23:23 Designs Supports a cluster of 40+ women skilled in Aipan at Uttrakhand.
Aipan is a traditional folk art specifically made by women of Uttarakhand. This art is done on floor over brick red background with white paste made out of rice flour. The typical art is done on all special occasions and household ceremonies and rituals. It is believed that these motifs evoke divine power which brings good fortune and wards off evil.
Aipan is drawn on a smooth surface that is prepared using wet ochre mud, known as geru, which is red in colour. A white paste is made by grounding cooked rice in water. This paste is known as bisvar and is used to draw patterns on the surface. The women use their fore, ring and middle finger to draw the patterns. Uttarakhand Aipan painting has its unique identity which is always done on the empty walls and on the ground which is a symbol of fortune and fertility. The art form is used to decorate floors and walls at the Puja room (place of worship) and entrance of homes and practiced by many other communities of different region.
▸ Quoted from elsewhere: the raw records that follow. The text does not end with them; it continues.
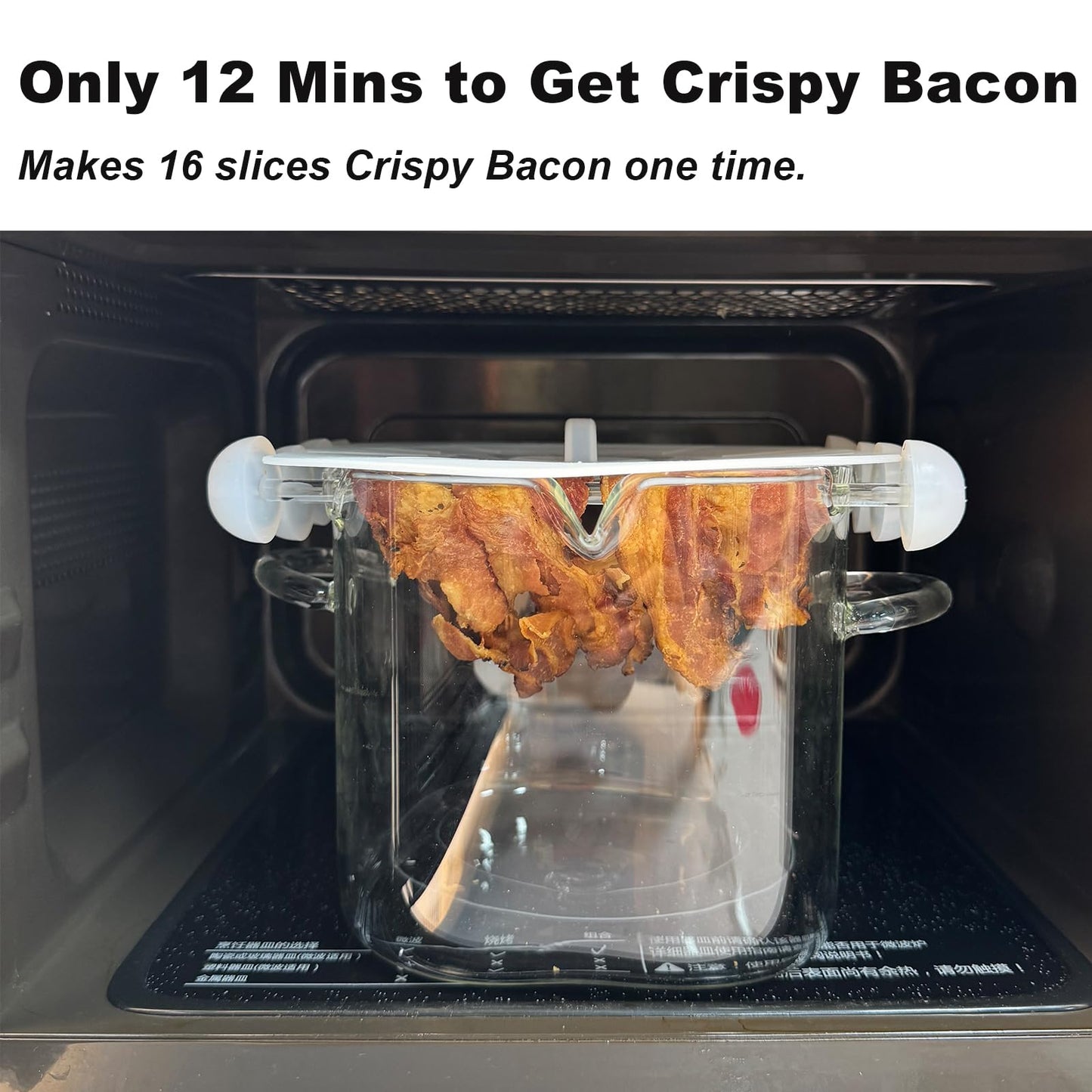 Glass Microwave Bacon Cooker, Microwave Popcorn Popper, 100oz Glass jar with Silicone Lid, Ramen Noodle Bowl and Vegetable Steamer, with Removable Glass skewer, Make 16pcs bacon one time
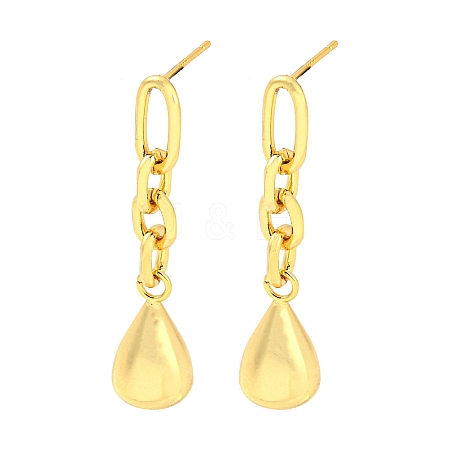 Rack Plating Brass Teardrop Dangle Stud Earrings EJEW-K263-18G-1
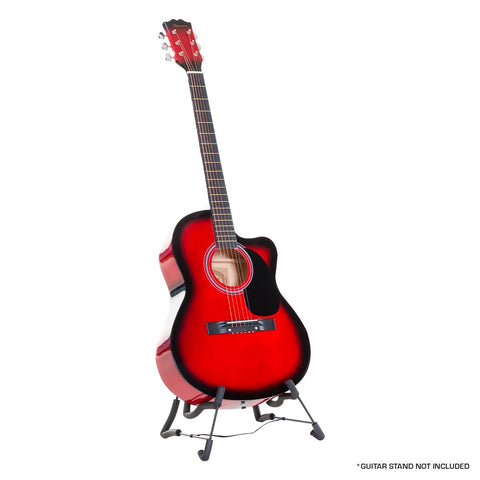 Karrera Acoustic Cutaway 40in Guitar - Red - Auzzistore
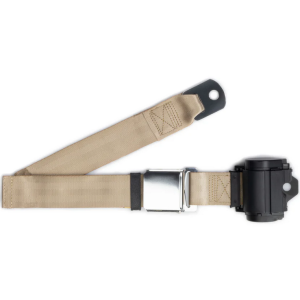 2pt sand retractable lap belt chrome aviation buckle w/lap belt hardware kit RETROBELT 259-SND-21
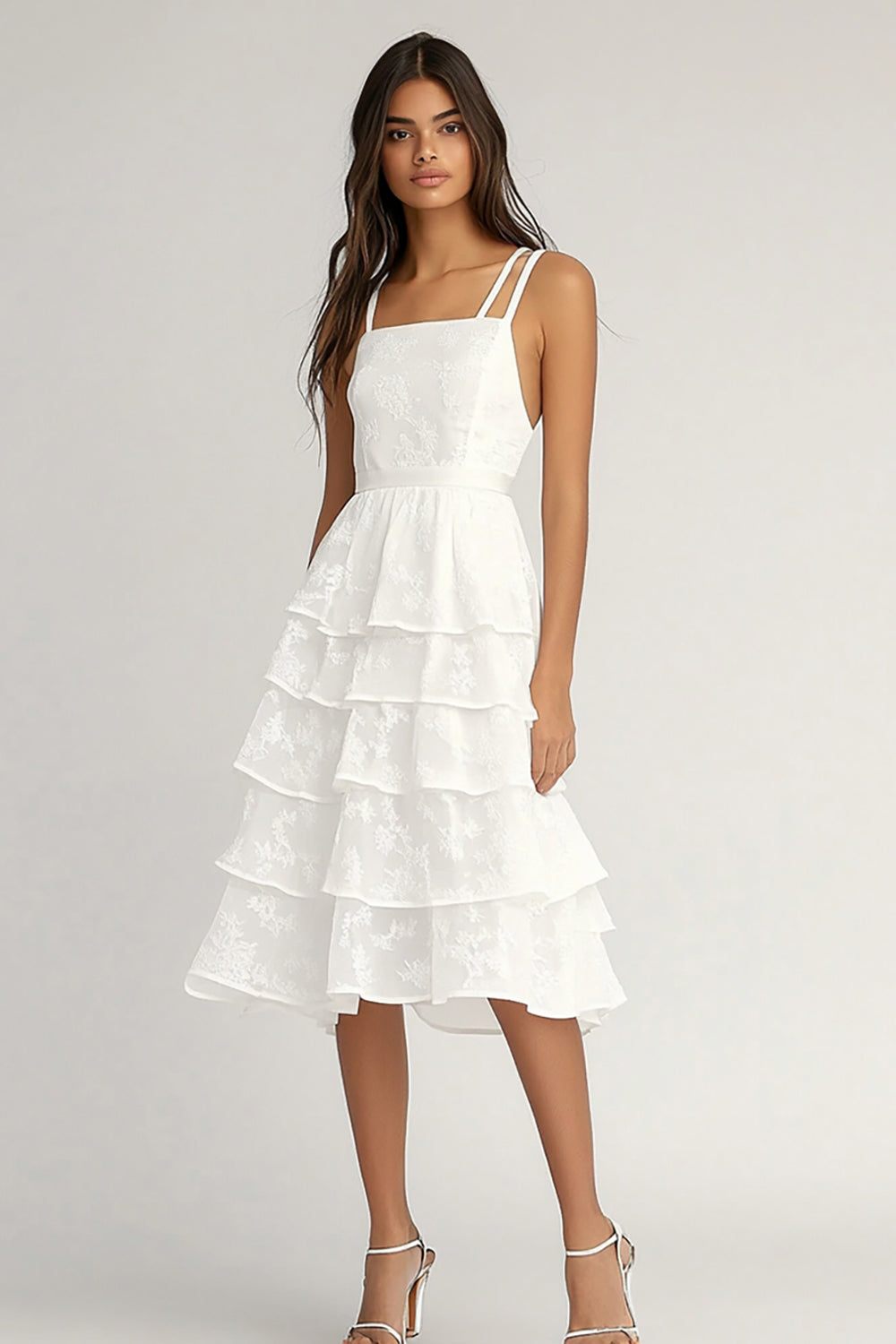 A Line Ivory Tiered Chiffon Graduation Dress with Lace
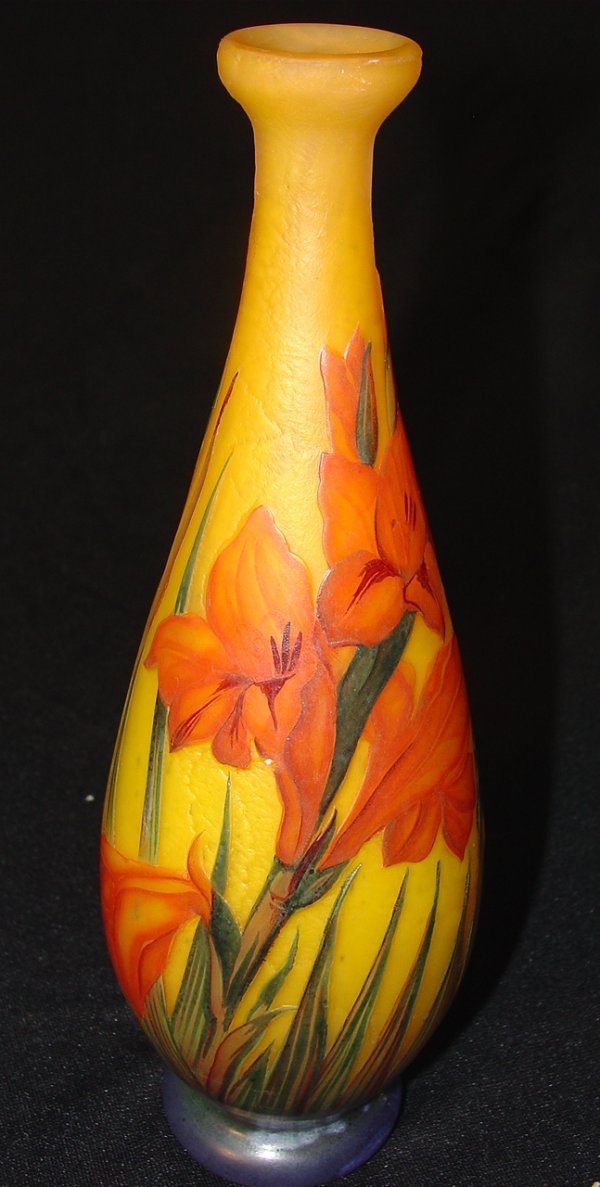 "A DeLatte Nancy" French Yellow Cameo Glass Vase: Beautiful Andre DeLatte Nancy Signed "A DeLatte Nancy" French Yellow Cameo Glass Vase with Iris and Leaf Decoration 10 1/2 inches T. X 3 1/4 inches Dia.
Raw Materials: The raw material used is simple ochre (Geru ) color and rice paste. It is mostly women who paint the designs on the floors and walls of their homes using the last three fingers of the right hand. Once the Geru base is ready the artist draws the pattern free hand. Chowkies are made with mango wood and painted with special designs for each occasion. Now a days Aipan is being used in different ways like patterns for cards, wall hanging, cushion covers, table cloths, even T-Shirts. The decorative patterns used to adorn doorways have been adapted for gift tags, bookmarks, clay items, wooden boxes, trays and coasters.